Como imaginará Sr. Durán, me interesó el contenido de la carta, pues en ella la difunta de setenta y seis años declara con precisión el momento justo de la llamada al 911 para el reconocimiento de su cadáver (las diez de la noche). De alguna manera conocía la fecha y hora de su muerte. La operadora informó (como se puede verificar en las grabaciones) que la señora hablaba con suma tranquilidad, notificando que en unos minutos estaría muerta, que si por favor le enviaban a alguien. Según los informes recopilados, una patrulla policial atendió al llamado y constató el deceso de Vilma por un paro cardíaco, y es más, confirmó que el cadáver yacía en el patio trasero, anegado en agua como si le hubiese llovido (aunque no era temporada de lluvias ni había grifos por donde escapara el agua).

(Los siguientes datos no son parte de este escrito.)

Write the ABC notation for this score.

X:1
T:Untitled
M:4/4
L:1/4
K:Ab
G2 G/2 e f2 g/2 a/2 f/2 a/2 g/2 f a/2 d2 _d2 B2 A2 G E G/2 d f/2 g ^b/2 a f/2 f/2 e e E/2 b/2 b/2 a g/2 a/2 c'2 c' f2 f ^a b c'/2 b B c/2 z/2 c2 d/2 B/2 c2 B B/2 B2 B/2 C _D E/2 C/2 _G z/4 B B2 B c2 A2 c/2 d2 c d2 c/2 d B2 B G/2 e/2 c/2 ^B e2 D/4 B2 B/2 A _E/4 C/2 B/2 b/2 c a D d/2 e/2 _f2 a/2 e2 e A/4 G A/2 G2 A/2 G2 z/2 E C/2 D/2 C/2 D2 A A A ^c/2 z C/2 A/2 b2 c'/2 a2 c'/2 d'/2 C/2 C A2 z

Lo de su familia es veraz. Tenía un hermano llamado Julio quien murió de leucemia en 1984. Su madre, Estela Morales, murió en 1975, nueve años antes, a la edad de sesenta y cinco años. De su abuela María Salinas no sabemos mayor cosa. El cuerpo de Vilma permaneció en Medicina Legal el tiempo justo pero nadie lo reclamó. Ningún experto da fe de su historia, y por supuesto no hay manera de confirmar sus palabras. Los vecinos aseguran que era una persona solitaria y pacífica, aparentemente no tenía hijos. Aseguran nunca haber presenciado lo del llanto de la tierra y todo eso. Yo tampoco le hubiera creído si me lo hubiera dicho. ¿Qué cree usted? Me parece genial incluir esto en su libro.
Jorge Martol, periodista.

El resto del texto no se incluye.